By taking a somatic approach,  Debbie experienced a breakthrough! She learned to recognize these physical sensations not as signs of personal failure, but as her body’s intelligence speaking to her. Through somatic practices, she developed a new relationship with these signals. 

Somatic Practices for Setting Family Boundaries

Maria Connolly uses somatic awareness to help people set family boundaries that respect and honor their need for being themselves.Here are some of the somatic practices I teach people like Debbie.

1. Grounding & Centering

When Debbie feels the familiar tension rising, she now:

    • Plants her feet firmly on the ground
    • Focuses on the sensation of her body’s weight
    • Takes three deep breaths into her belly
    • Imagines roots growing from her feet into the earth

This practice helps her maintain connection to her authentic self while engaging with her partner’s controlling behavior.

2. Anger Integration

Debbie learned to work with anger as a healthy boundary signal through:

    • Recognizing the first physical signs of anger (heated face, clenched jaw)
    • Standing in a stable position with knees slightly bent
    • Making sound (starting with humming, progressing to vocal expression)
    • Using arm movements to physically define her space

3. Boundary Bubble Visualization

Before family gatherings or challenging conversations, Debbie practices:

    • Imagining a protective bubble around herself
    • Making it permeable—allowing love in while keeping harmful energy out
    • Adjusting its size based on the situation
    • Physically tracing its outline with her hands

As Debbie integrated these practices, her relationship to boundaries transformed. She began to experience her anger not as a threat to connection, but as a guardian of authentic intimacy. When her partner attempted to control her choices, she could:

  • Notice the somatic signals
  • Ground herself in her body
  • Express her anger clearly and appropriately
  • Maintain connection while asserting boundaries

A pivotal moment came when she told her partner, “I feel my chest tightening and my throat closing when you tell me what to wear. I’m angry because I need my autonomy to be respected. I care about you AND I need to make my own choices.”

 “Dream Big, Start Small” Here’s the one thing you can do today.
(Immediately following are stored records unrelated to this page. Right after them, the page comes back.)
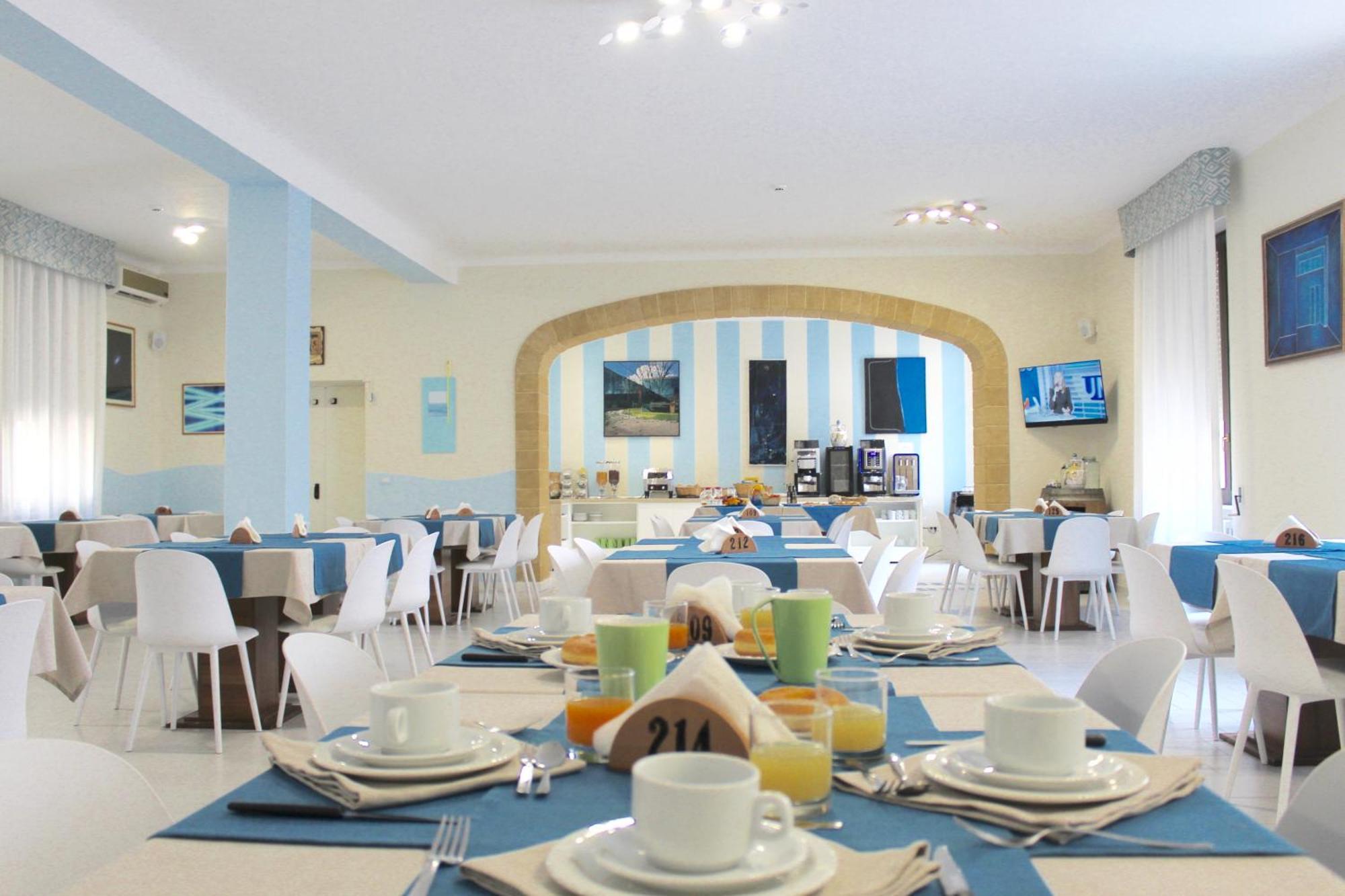 Albergo Del Santuario Santa Maria di Leuca Екстер'єр фото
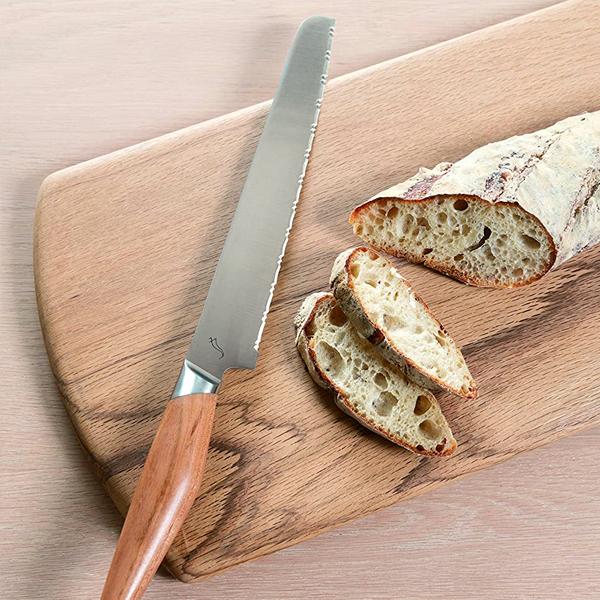【新品未使用】kasane 21cm パン切り包丁 スミカマ ブレッドナイフ kasane 特典付 パン切り包丁 カサネ 日本製 ブレッドナイフ パン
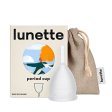 Lunette menstrual cup - Clear - size 1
Setting Family Boundaries relies on your embodied awareness and how you use it as your compass

Attending family gatherings can trigger old patterns that make us feel anger, fear, or sadness. It’s not that you don’t love your family. You do. It’s just that you no longer want to ignore the unresolved issues. So when you feel a trigger, here’s a somatic approach that works:

  • Use body scanning to identify early warning signs of boundary violations
  • Practice grounding techniques before and during family events
  • Set clear energetic boundaries while maintaining heart connection
  • Take regular “somatic breaks” to reset and recentered

The truth is — you can’t control how or what others say or do. You can ask someone not to say or do that. However, you can’t make them stop. But you can control how you internalize it.  These somatic practices give you the power to establish boundaries for what you will or will not let into your mind and heart. If you want more details on how to practice these suggestions, I can help!

Debbie’s journey demonstrates how somatic awareness can transform our relationship to boundaries. By enlisting your body’s wisdom as your superpower and protector, you can create relationships that honor both connection and individual sovereignty. The body becomes not just a receptor of boundary violations but an active participant in creating healthier patterns of relating.

The ability to maintain both connection and boundaries isn’t just a mental exercise—it’s a fully embodied practice that requires patience, self-compassion, and consistent attention to our somatic experience.  Please contact me and schedule a 30-minute complimentary consultation, if you’d like to develop deeper somatic skills that keep you deeply connected and profoundly respectful of personal sovereignty.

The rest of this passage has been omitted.